From the line that has "C tierra de fuego tren del fin del mundo 10" down to the last line of the data below, set down every line exactly, but none of the pictures.

Collected data:
#####

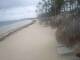 Punta Cana 28.05.2025 08:13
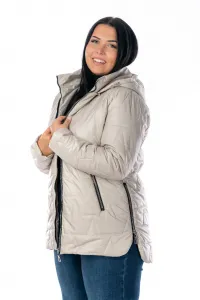 Dámská bunda SKYLER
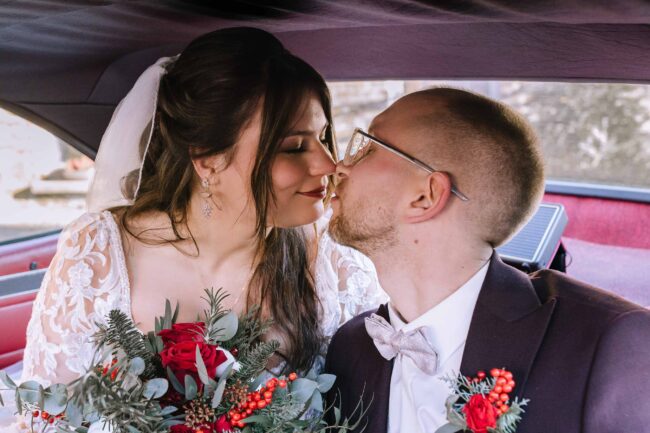 Brennerei rönsahl kierspe hochzeitslocation nrw sauerland hochzeitsfotografin meinerzhagen winterhochzeit weihnachtshochzeit (681)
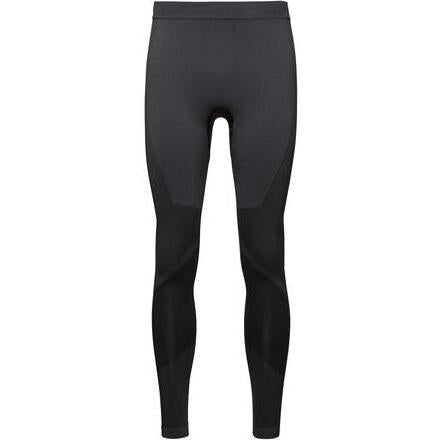 MAMMUT Men's Trift Long Base Layer Tights
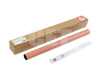 Термопленка HP CLJ M880/ M855 (CET2572U)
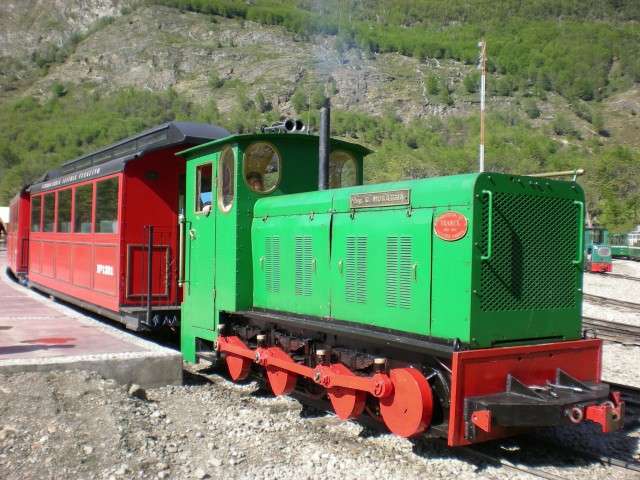 C tierra de fuego tren del fin del mundo 10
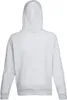 Fruit of the Loom Herren Kapuzenpullover / Produktbild-Vorschau 2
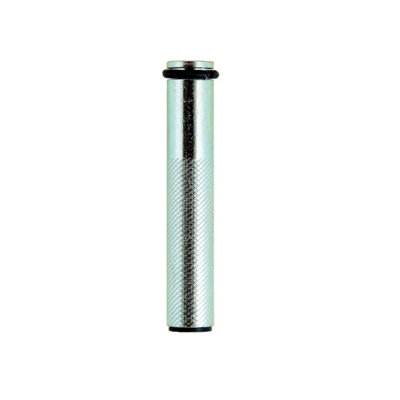 Jcp Fixings Injection Resin Internally Threaded SocketsM6 X 50Fjinjm06Box Of 10 from B&Q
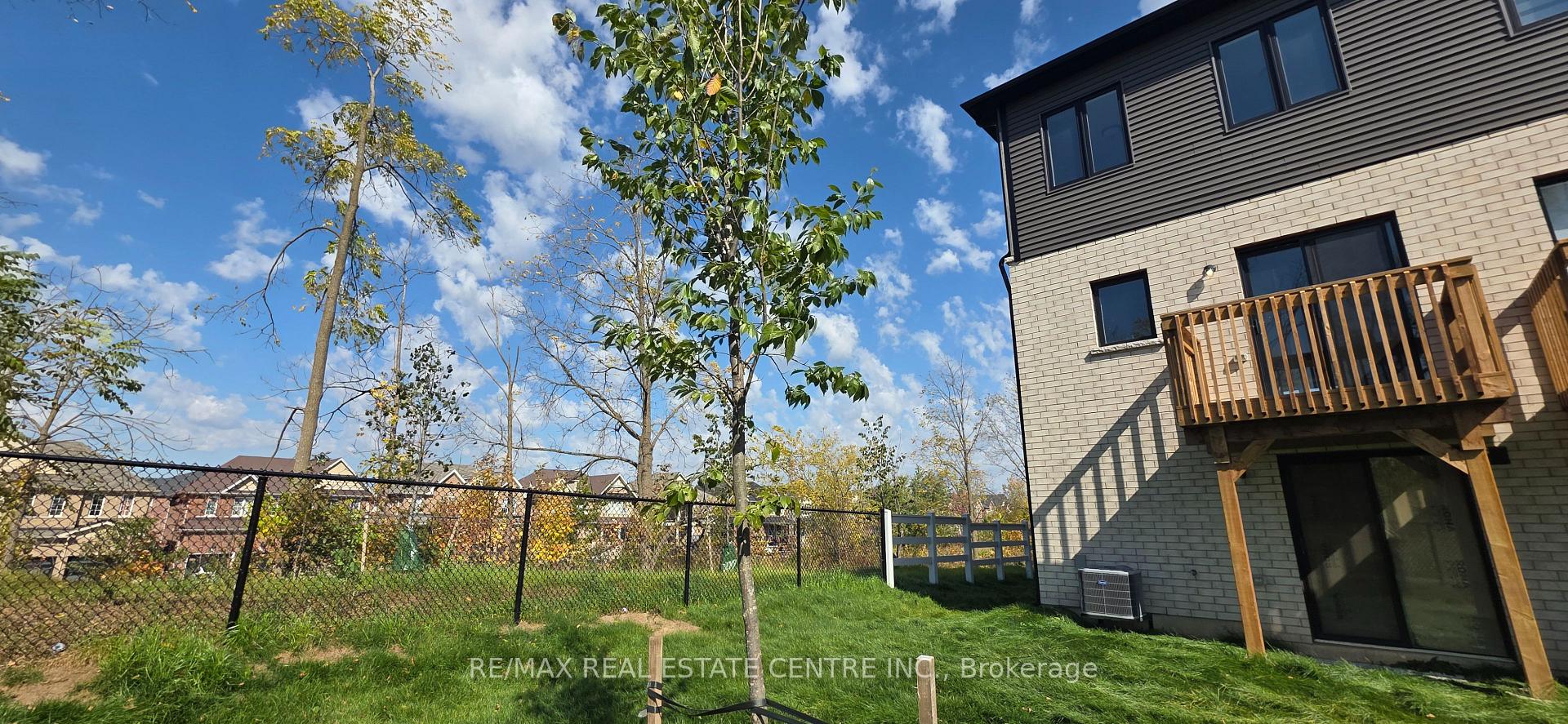 Photo 16 of Unit 55, 313 Conklin Road, Brantford, Empire South — HOMEH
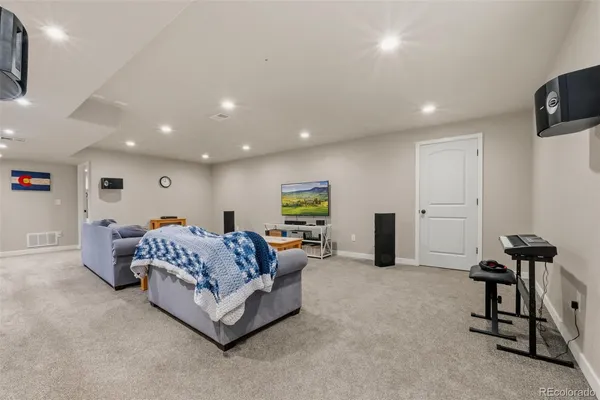 $444,000 | 102 11th Avenue, Wiggins, CO 80654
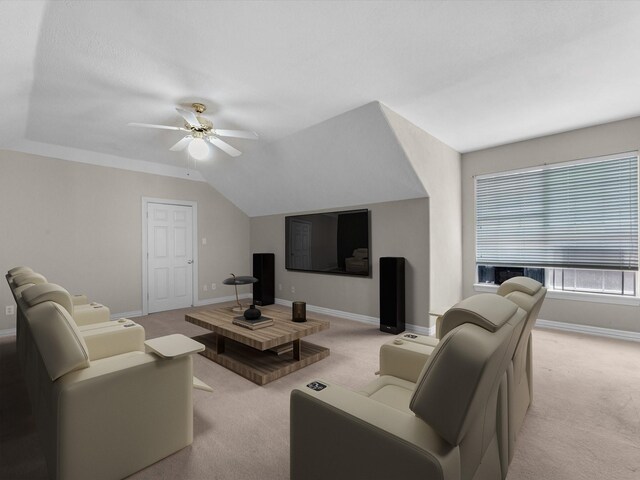 3311 El Dorado Blvd, Missouri City, TX 77459 - photo 13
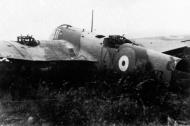 Asisbiz Bristol Blenheim IF RAF 30Sqn VTN K7177 Maleme Crete 1941 01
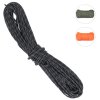 Pomocná šňůra Lifesystems Paracord 4 mm
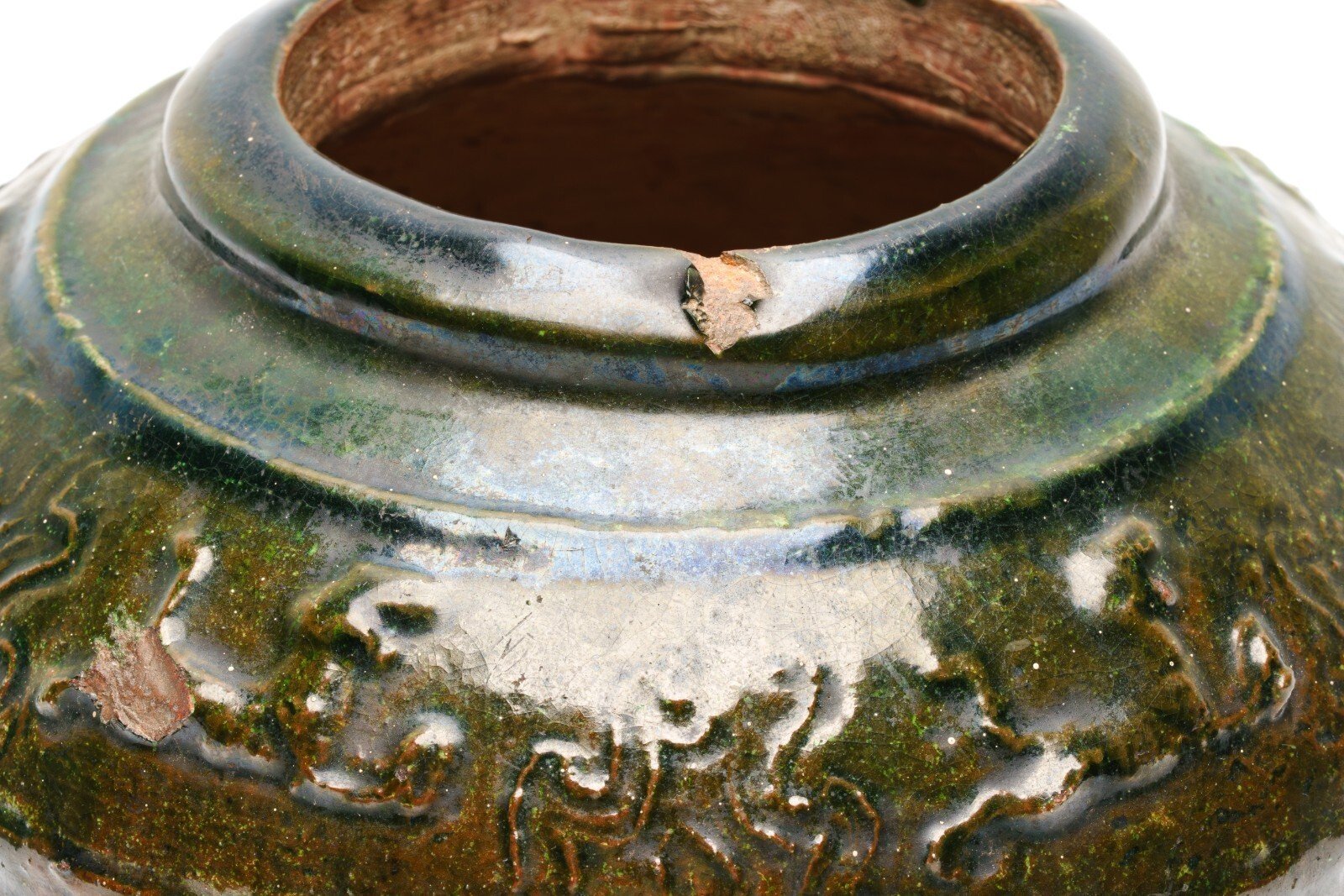 OTOAntiques Ltd.
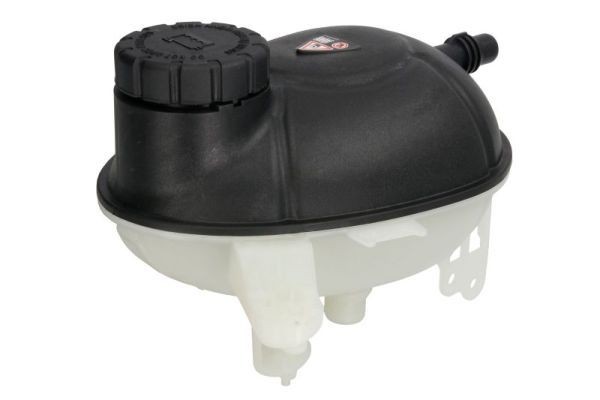 THERMOTEC Coolant expansion tank DBM015TT DBM015TT THERMOTEC coolant reservoir for MERCEDES-BENZ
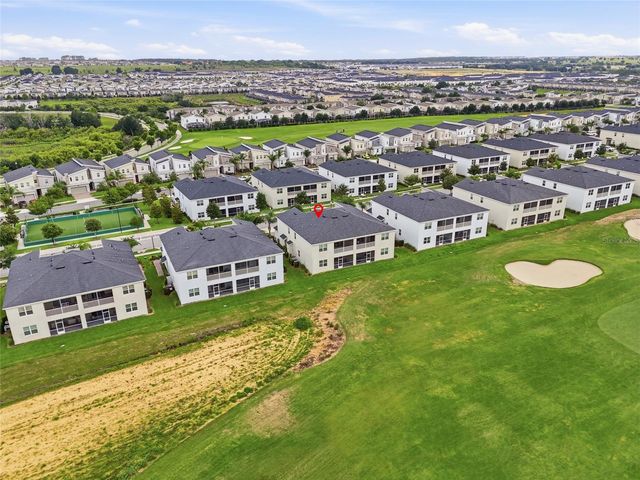 787 OCEAN COURSE AVENUE, Kissimmee, FL 34747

#####

### Answer space
 C tierra de fuego tren del fin del mundo 10
 Fruit of the Loom Herren Kapuzenpullover / Produktbild-Vorschau 2
 Jcp Fixings Injection Resin Internally Threaded SocketsM6 X 50Fjinjm06Box Of 10 from B&Q
 Photo 16 of Unit 55, 313 Conklin Road, Brantford, Empire South — HOMEH
 $444,000 | 102 11th Avenue, Wiggins, CO 80654
 3311 El Dorado Blvd, Missouri City, TX 77459 - photo 13
 Asisbiz Bristol Blenheim IF RAF 30Sqn VTN K7177 Maleme Crete 1941 01
 Pomocná šňůra Lifesystems Paracord 4 mm
 OTOAntiques Ltd.
 THERMOTEC Coolant expansion tank DBM015TT DBM015TT THERMOTEC coolant reservoir for MERCEDES-BENZ
 787 OCEAN COURSE AVENUE, Kissimmee, FL 34747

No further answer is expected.